Off topic, im pissed bc the panthers took a big reach in drafting your boy jeff otah.

Don’t be pissed. Jeff is going to do a hell of a job in the league.

Im pissed bc panthers gave up too much for a unathletic right tackle.

dont look like lsu are getting the freak athletes to me:

DL Glenn Dorsey (6-1 ¾, 297): Ran the 40 in 5.13 and 5.12, had a 25 ½-inch vertical jump, 8-foot, 4-inch long jump, 4.80 short shuttle, 7.52 cone drill, and ran position drills. Scouts like his long arms, which measured 35 ¼ inches. Former NFL player Tim Krumrie ran the workout and he has a reputation of running lineman pretty hard… but he couldn’t break Dorsey, who looked very good.

» WR Early Doucet (6-0, 203): Ran the 40 in 4.59, 4.64 and 4.69, had a 34 ½-inch vertical jump, 9-foot, 6-inch long jump, 4.45 short shuttle, 7.40 cone drill, ran position drills and kept everything else from the combine. Had a very good workout.

» LB Arlington Highsmith (6-0, 221): Ran the 40 in 4.87, 4.72 and 4.70, had a 29-inch vertical jump, 9-foot, 4-inch long jump, 7.34 cone drill, 23 reps in the bench press, ran position drills and kept everything else from the combine.

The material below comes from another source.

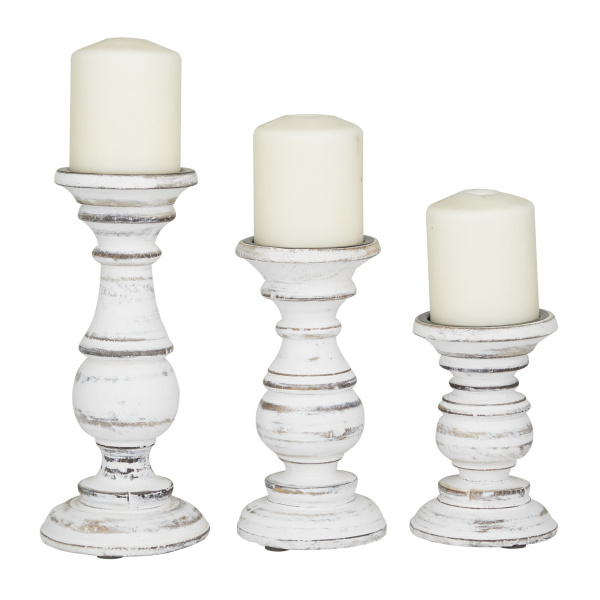 Set of 3 White Wood Traditional Candle Holder, 10", 8", 6"
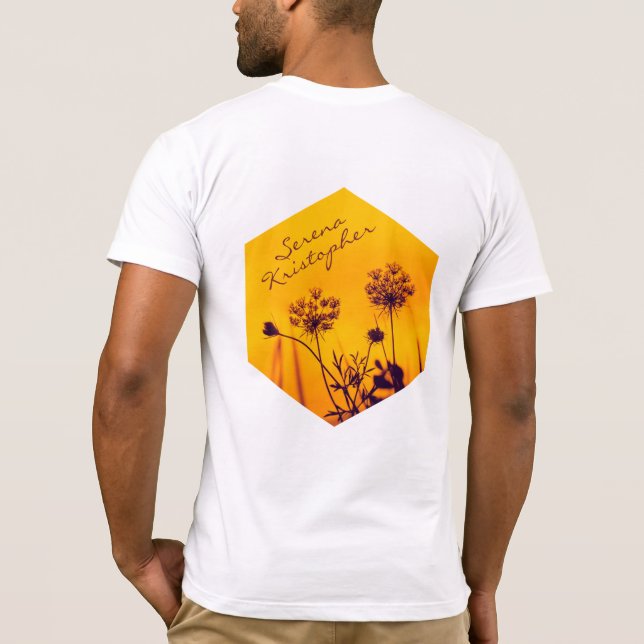Camiseta Flores de Umbel salvaje delinean púrpura y dorada  (Reverso)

» QB Matt Flynn (6-2, 229): Kept all numbers from the combine, ran position drills and looked very good throwing the ball.

» RB Jacob Hester (5-11 1/8, 225): Had a 29-inch vertical jump, ran position drills and kept everything else from the combine. Caught the ball well in workouts.

» DB Jonathan Zenon (5-11 ¾, 185): Ran the 40 in 4.62 and 4.54, had a 37-inch vertical jump, 9-foot, 6-inch long jump, 4.36 short shuttle, 6.85 cone drill, ran position drills and kept everything else from the combine (but he did not do the bench press in Indianapolis due to an injury.)

» S Craig Steltz (6-1 3/8, 210): Ran the 40 in 4.60 and 4.65, had a 35-inch vertical jump, 9-foot, 10-inch long jump, 4.19 short shuttle, 7.03 cone drill, had 10 reps in the bench press and could have done more but he injured his right shoulder. He did not work out at the combine, so there are no other numbers for him.

» CB Chevis Jackson (6-0 1/8, 192): Ran the 40 in 4.57 and 4.58, had a 40-inch vertical jump, 10-foot long jump, ran position drills and kept everything else from the combine

He’s actually surprisingly athletic for his stature and enough so to play left tackle throughout college.

Fox and crew were here for his private workout so they saw everything they needed to, apparently, to warrant the deal.

Yep, and mel kiper said it was a dumb move. :slight_smile: He cant pass block; hes a mauler.